The detail table groups by:
- Storage — per volume: Type, Capacity, GB-Days, GB-Hours, Last Active.
- Users — per user (admins only).
Note
Because storage is metered from creation to deletion regardless of attachment, storage that exists but is idle still accrues GB-Days/GB-Hours.
Resource Events
The lifecycle audit log behind the compute and storage numbers — one row per metering-relevant transition. Useful for explaining why a number looks the way it does.

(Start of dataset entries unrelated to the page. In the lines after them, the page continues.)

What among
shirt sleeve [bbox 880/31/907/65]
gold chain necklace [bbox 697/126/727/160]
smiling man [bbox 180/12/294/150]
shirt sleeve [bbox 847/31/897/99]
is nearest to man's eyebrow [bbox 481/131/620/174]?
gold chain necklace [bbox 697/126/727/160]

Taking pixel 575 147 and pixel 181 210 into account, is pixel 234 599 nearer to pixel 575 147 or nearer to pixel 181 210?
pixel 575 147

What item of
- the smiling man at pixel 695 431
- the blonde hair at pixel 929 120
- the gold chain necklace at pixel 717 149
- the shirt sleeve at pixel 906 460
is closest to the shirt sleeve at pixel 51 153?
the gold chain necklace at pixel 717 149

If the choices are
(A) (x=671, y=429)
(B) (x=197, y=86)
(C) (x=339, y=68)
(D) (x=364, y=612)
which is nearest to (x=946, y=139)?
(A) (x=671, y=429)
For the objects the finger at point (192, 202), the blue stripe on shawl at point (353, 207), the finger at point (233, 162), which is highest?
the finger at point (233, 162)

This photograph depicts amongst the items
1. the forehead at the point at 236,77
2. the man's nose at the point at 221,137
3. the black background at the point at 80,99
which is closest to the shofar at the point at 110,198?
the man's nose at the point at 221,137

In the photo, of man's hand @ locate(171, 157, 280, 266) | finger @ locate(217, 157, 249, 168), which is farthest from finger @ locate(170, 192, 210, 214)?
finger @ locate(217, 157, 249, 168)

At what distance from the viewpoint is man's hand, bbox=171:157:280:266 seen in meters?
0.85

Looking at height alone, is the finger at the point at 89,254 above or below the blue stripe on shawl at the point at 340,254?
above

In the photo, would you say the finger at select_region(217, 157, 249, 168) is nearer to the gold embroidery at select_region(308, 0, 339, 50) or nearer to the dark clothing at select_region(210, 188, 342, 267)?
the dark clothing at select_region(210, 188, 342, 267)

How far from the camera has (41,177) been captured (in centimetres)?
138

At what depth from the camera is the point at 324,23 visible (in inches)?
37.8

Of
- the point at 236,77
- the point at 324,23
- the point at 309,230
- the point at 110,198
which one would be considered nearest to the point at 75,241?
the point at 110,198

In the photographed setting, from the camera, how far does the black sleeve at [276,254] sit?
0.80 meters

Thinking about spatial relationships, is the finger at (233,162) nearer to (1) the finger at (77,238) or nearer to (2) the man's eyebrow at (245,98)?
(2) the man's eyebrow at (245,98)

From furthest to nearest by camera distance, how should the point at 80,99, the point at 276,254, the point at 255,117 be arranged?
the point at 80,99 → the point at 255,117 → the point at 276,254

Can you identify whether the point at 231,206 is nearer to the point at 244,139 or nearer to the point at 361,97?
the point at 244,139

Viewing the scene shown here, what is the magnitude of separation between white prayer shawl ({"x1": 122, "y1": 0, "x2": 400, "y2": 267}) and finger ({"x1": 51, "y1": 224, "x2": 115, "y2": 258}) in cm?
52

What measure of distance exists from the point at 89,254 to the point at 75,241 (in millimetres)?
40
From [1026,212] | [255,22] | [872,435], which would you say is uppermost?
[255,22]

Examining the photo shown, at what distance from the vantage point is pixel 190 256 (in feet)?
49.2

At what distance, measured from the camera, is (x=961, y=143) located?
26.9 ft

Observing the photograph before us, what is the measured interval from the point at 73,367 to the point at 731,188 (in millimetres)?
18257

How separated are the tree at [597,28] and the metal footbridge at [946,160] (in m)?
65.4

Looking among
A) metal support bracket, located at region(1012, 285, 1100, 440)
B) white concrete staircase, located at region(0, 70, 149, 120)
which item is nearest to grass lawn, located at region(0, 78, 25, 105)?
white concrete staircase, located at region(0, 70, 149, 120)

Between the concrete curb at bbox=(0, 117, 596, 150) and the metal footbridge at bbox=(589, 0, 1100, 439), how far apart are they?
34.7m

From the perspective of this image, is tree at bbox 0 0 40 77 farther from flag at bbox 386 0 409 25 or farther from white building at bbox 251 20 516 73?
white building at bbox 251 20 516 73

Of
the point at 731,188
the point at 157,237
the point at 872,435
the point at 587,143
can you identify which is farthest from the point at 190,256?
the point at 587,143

Filters: date range, resource type (GPU Instance / Storage), event type, and a fuzzy resource name search.
Timezone
All dates and times on the Usage page — trend buckets, Last Active, and resource-event times — are shown in a single configurable rollup timezone, so every tab lines up on the same calendar boundaries. It is controlled by the GPUSTACK_USAGE_ROLLUP_TIMEZONE server environment variable and defaults to the server's OS local timezone. See Environment Variables for details, including the note on Daylight Saving Time.
Data retention
Token, compute, and storage rollups are retained for about 13 months, after which they are moved to archive tables by a background job. Retention windows and archive schedules are configurable via the GPUSTACK_*_RETENTION_MONTHS and GPUSTACK_*_ARCHIVE_CRON environment variables.